The light white - an eMTB jump story

Let´s bring some more usefull information to this thread.

A while ago I shorted 3 of my motors because the mounting screws where 1mm too.
Due to vibrations the screws rub off the isolation and than shorted the phase wires to each other via the motor case.
Here is the way how I fixed it and double checked that everything works without issues.
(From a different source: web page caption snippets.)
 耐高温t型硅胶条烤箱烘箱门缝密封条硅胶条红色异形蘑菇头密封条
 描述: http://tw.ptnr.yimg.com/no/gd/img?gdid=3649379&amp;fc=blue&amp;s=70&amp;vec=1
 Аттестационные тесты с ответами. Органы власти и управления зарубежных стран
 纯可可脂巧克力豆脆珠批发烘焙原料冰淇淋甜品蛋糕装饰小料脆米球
I measured the resistance from the mounting hole to the phase wires like this
1

That gave me 0 ohms, so a full short.
I thought I can easy fix it by just adding a piece of heat shrink over the wires, but there is no way to get it there without to take off the top part of the stator. As this part is usually glued in it’s pretty much not possible without proper tools.
(Or as min not for me as noob :sweat_smile:)
I first tried to cover the damaged part of the wire with liquid tape, what worked out, but I wasn’t super happy with it.
I decided to make that thing bullet proof by epoxy the phase wires all over the place where they where damaged.
That looked now way much better, but the question was,
how to double check if really all damaged parts of the isolation now covered?
Sure you can just spin it up with your ESC but with it you risk to fry one more controller.
So how to do it without? :thinking:
Our outrunner produce a specific current and voltage when spinning (regenerativ breaks), so if all phase wires are ok, than the voltage produced while spinning should be the same for all three wires, right?
Right, and here is the most easy way to check that.
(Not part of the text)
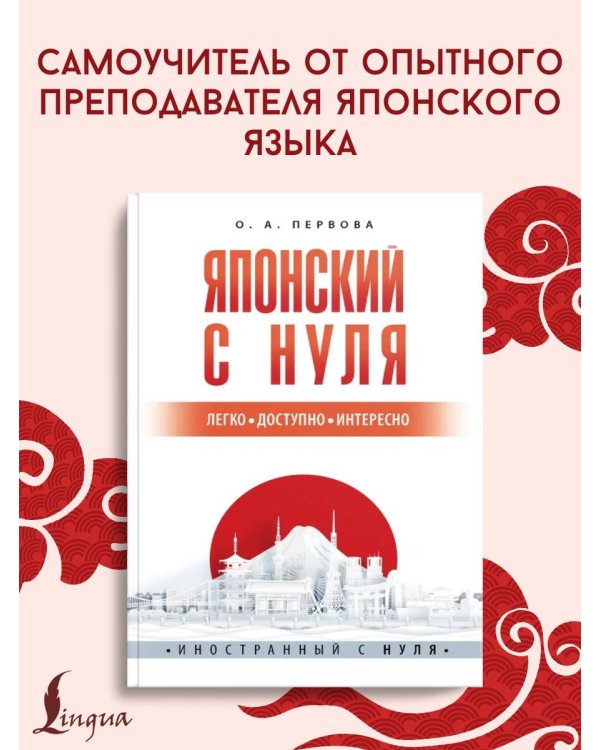 Японский с нуля
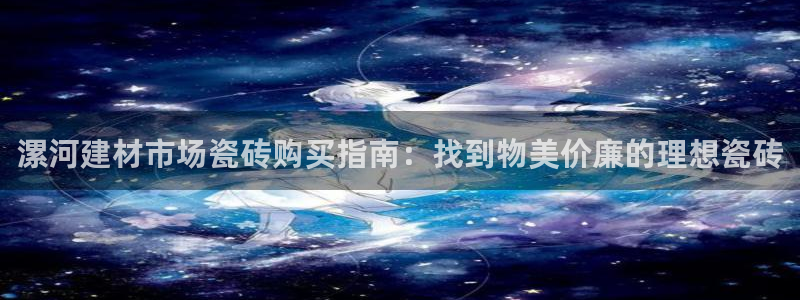 杏鑫娱乐是合法的吗?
You need your motor on the motor mount
You need a drill
And you need a multimeter set to AC voltage
2

Connect your multimeter first to phase A and B
Than connect the drill to your motor shaft
Spinn up the motor with the drill
Check the voltage on your multimeter and remember what was displayed
Than move on and connect the multimeter to phase A and C
Spinn up the motor again
The voltage reading should be the same now
If yes move on and connect your multimeter to
Phase B and C
Same test, same result.

If in all three cases the indicated voltage is the same, you good to go and can use your motor like before.

Dissclaimer: I know there are other methodes to check if the phase wires have a short, like the hand test as well as the easy way to check just the resistance of the phase wires. What I hope do detect with this variant is a “light” short, means it´s not a permanent short. Maybe there is still a small gap between the shorted points, or the short only show up in time of rotation, or due to vibration.